Extracted records
========================

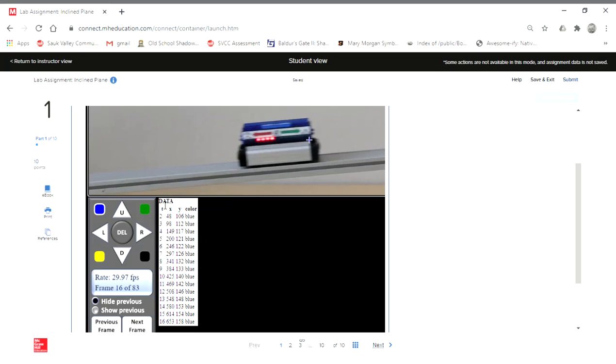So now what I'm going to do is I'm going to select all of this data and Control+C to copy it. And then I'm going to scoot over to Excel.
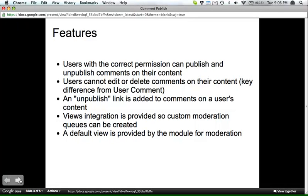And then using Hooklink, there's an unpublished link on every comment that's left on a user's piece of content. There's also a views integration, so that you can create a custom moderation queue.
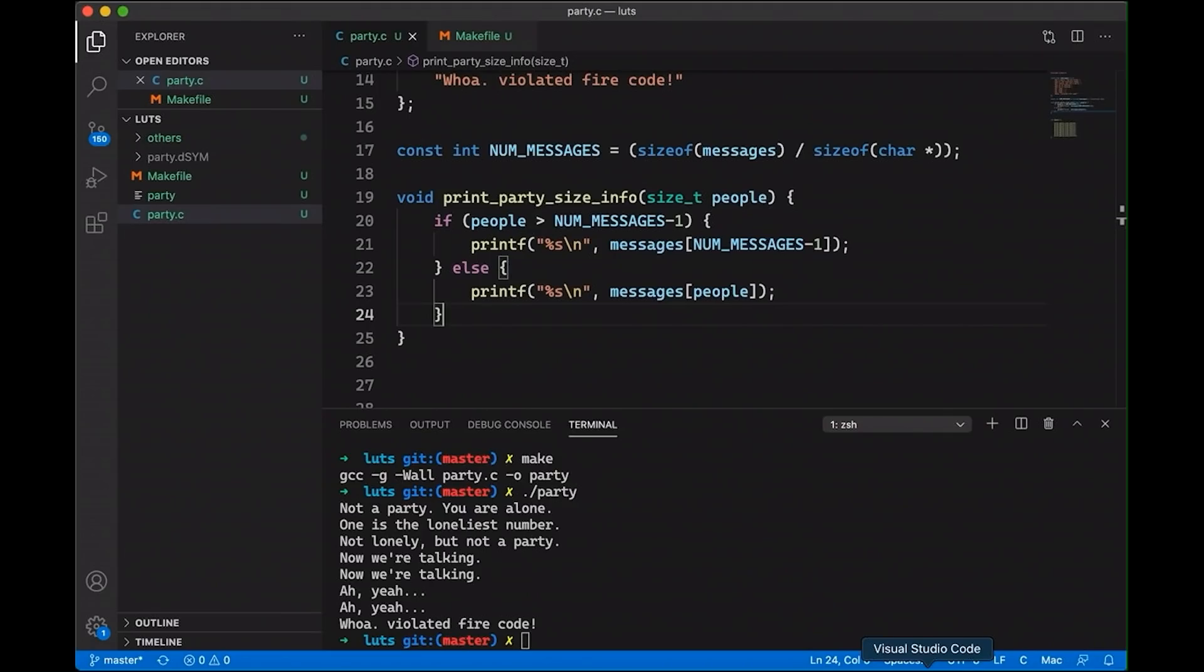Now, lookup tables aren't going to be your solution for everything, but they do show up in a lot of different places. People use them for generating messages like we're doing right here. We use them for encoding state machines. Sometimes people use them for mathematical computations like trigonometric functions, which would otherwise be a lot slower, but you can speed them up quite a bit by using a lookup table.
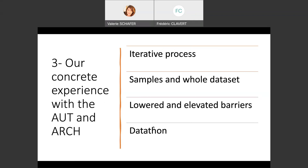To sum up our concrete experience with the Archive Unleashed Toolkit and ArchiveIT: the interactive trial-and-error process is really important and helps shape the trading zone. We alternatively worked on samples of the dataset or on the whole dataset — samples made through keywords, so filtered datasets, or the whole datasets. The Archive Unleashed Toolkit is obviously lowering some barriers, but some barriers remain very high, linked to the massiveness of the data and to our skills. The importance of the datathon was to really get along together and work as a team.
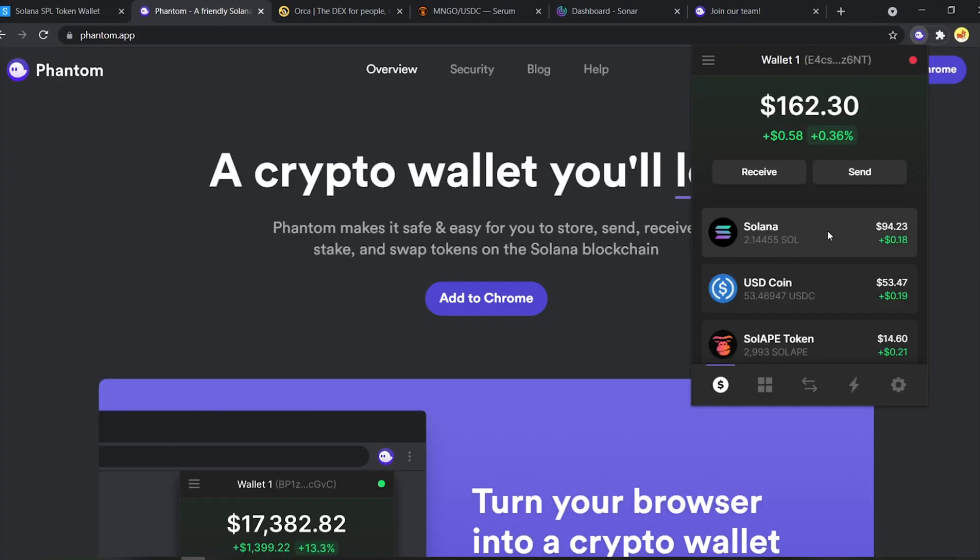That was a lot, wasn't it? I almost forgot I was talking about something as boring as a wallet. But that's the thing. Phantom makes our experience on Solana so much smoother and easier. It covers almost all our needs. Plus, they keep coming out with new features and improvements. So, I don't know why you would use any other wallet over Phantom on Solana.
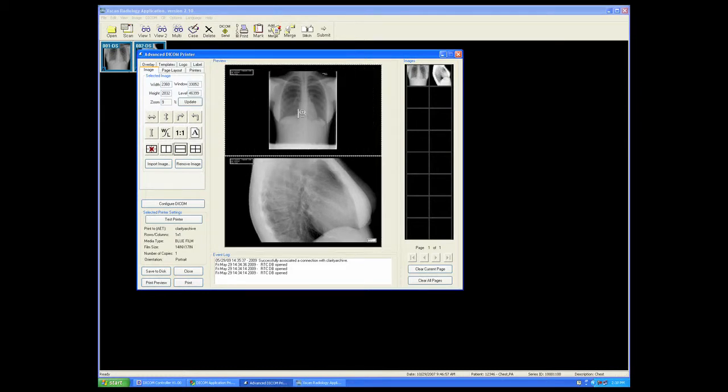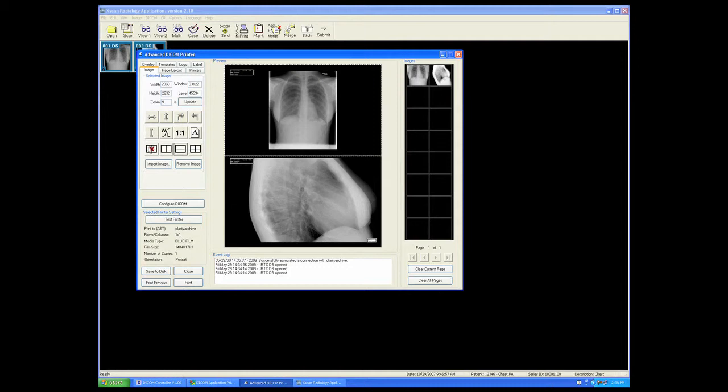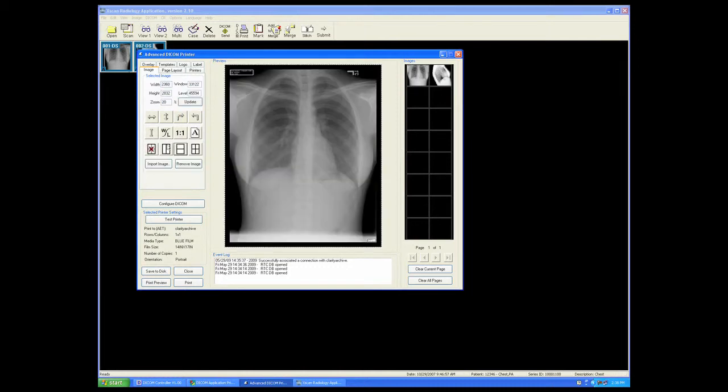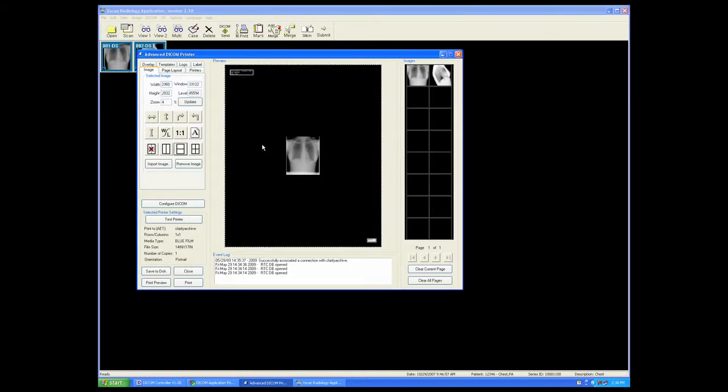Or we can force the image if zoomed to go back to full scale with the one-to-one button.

========================

## [What to do]
Reproduce each entry verbatim, excluding any embedded images.

## [Result for this task]
So now what I'm going to do is I'm going to select all of this data and Control+C to copy it. And then I'm going to scoot over to Excel.
And then using Hooklink, there's an unpublished link on every comment that's left on a user's piece of content. There's also a views integration, so that you can create a custom moderation queue.
Now, lookup tables aren't going to be your solution for everything, but they do show up in a lot of different places. People use them for generating messages like we're doing right here. We use them for encoding state machines. Sometimes people use them for mathematical computations like trigonometric functions, which would otherwise be a lot slower, but you can speed them up quite a bit by using a lookup table.
To sum up our concrete experience with the Archive Unleashed Toolkit and ArchiveIT: the interactive trial-and-error process is really important and helps shape the trading zone. We alternatively worked on samples of the dataset or on the whole dataset — samples made through keywords, so filtered datasets, or the whole datasets. The Archive Unleashed Toolkit is obviously lowering some barriers, but some barriers remain very high, linked to the massiveness of the data and to our skills. The importance of the datathon was to really get along together and work as a team.
That was a lot, wasn't it? I almost forgot I was talking about something as boring as a wallet. But that's the thing. Phantom makes our experience on Solana so much smoother and easier. It covers almost all our needs. Plus, they keep coming out with new features and improvements. So, I don't know why you would use any other wallet over Phantom on Solana.
Or we can force the image if zoomed to go back to full scale with the one-to-one button.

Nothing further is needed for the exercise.